Ecco allora i dati forniti dalla Conferenza episcopale emiliano-romagnola. Ad oggi sono 148 gli edifici religiosi – non solo chiese ma anche canoniche, oratori e altri stabili – di proprietà delle diocesi già restaurati e aperti. Quelli che hanno beneficiato di finanziamenti pubblici sono 122 mentre 26 sono stati ripristinati con risorse proprie. Da qui alla fine del prossimo anno dovrebbero tornarne fruibili altri 173: in 57 casi i cantieri sono già avviati mentre per 116 siamo nella fase di approvazione o di avvio dei lavori. È dei giorni scorsi invece la notizia che la Regione Emilia-Romagna, con una delibera di giunta, ha messo a disposizione ulteriori 58 milioni di euro per un’altra novantina di interventi. Si superano così i 400 edifici che rappresentano quasi il 70% di quelli danneggiati dal terremoto e si raggiunge quota 250 milioni di euro di finanziamenti pubblici.

Complessivamente per 564 edifici arriveranno 332 milioni di euro da fondi pubblici suddivisi nelle sei diocesi: 87 milioni di euro (182 edifici) per l’arcidiocesi di Bologna; 75 milioni (87 edifici) per l’arcidiocesi di Modena-Nonantola; 55 milioni (126) per l’arcidiocesi di Ferrara-Comacchio; 82 milioni (92) per la diocesi di Carpi; 32 milioni (74) per la diocesi di Reggio Emilia-Guastalla; 1 milione (3) per la diocesi di Ravenna-Cervia.

Stanziamenti così importanti sono stati possibili perché “sia nella fase dell’emergenza sia in quella della ricostruzione abbiamo considerato gli edifici religiosi di interesse pubblico” ha spiegato Palma Costi, assessore con delega alla Ricostruzione post-sisma della Regione Emilia-Romagna: “La scelta è conseguenza del fatto che questi beni sono importanti dal punto di vista spirituale ma anche di tutta la cittadinanza perché sono edifici unici dal punto di vista storico e artistico”. Una decisione quella regionale che si inserisce in quella “collaborazione intensa e impegnativa ma molto proficua” di cui ha parlato l’arcivescovo durante il suo intervento: “Sono contento che si sia riusciti a fare squadra anche con il ministero dei Beni culturali, con la Soprintendenza e con i Comuni”.
Molto dal 2012 è stato fatto, i numeri citati lo testimoniano.

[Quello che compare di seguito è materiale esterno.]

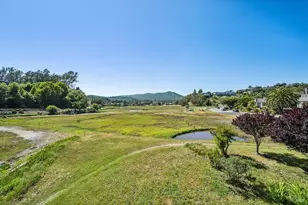 110 Seminary Dr, Mill Valley, CA 94941 - Photo 49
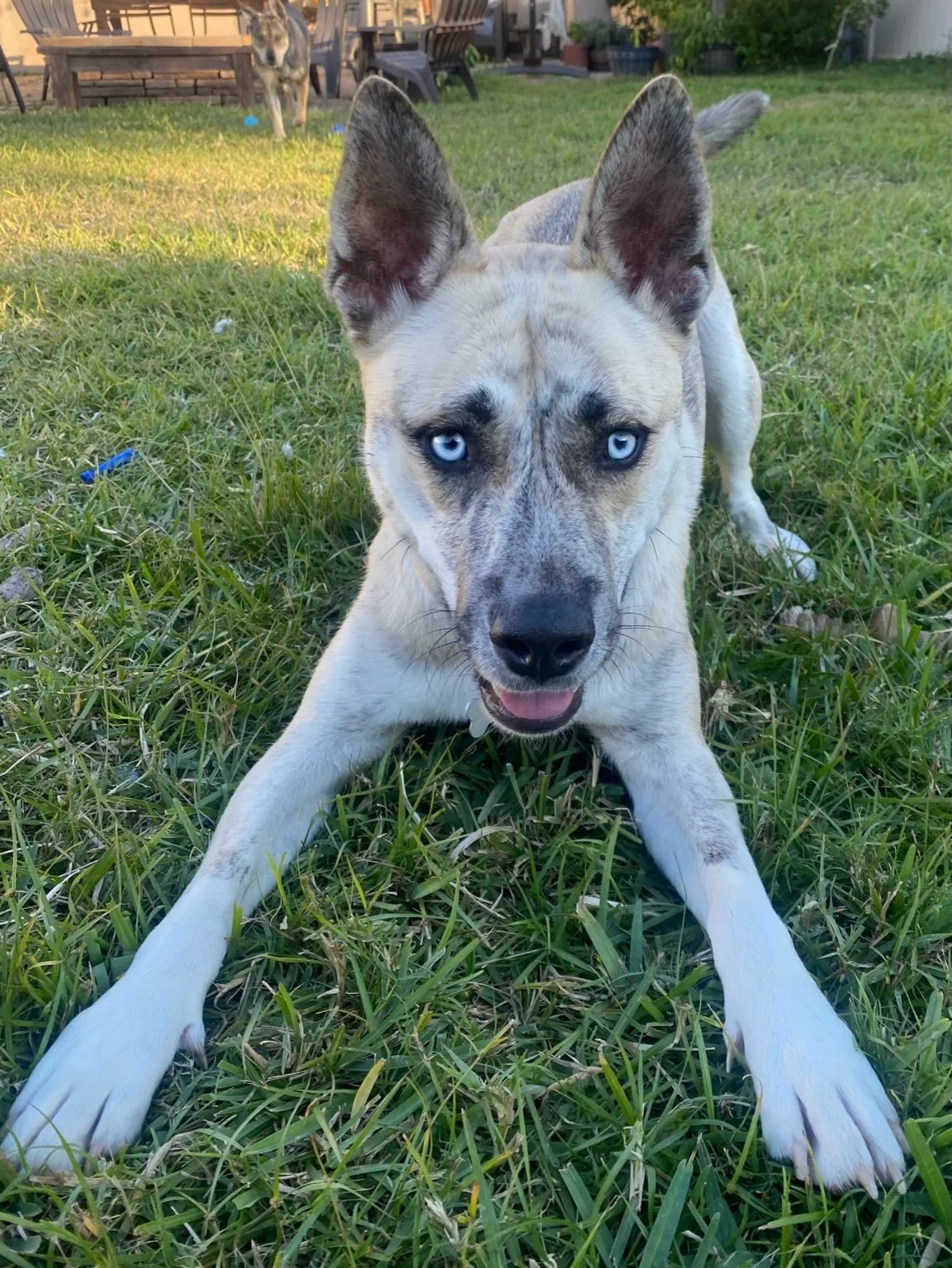 A dog with blue eyes lying on the grass with another dog in the background near patio furniture.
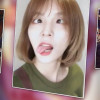 新垣结衣老公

Ora l’impegno più grande è per le chiese completamente crollate come quella di Mirabello in provincia di Ferrara citata a mo’ di esempio da mons. Zuppi, perché si “acceleri la progettazione” in modo da restituire il prima possibile questi edifici ai cittadini. “Nel riconsegnare i beni alle comunità – ha concluso mons. Zuppi – ci accorgiamo della bellezza della ricostruzione che è una riscoperta e, in molti casi, un ritorno alle origini”.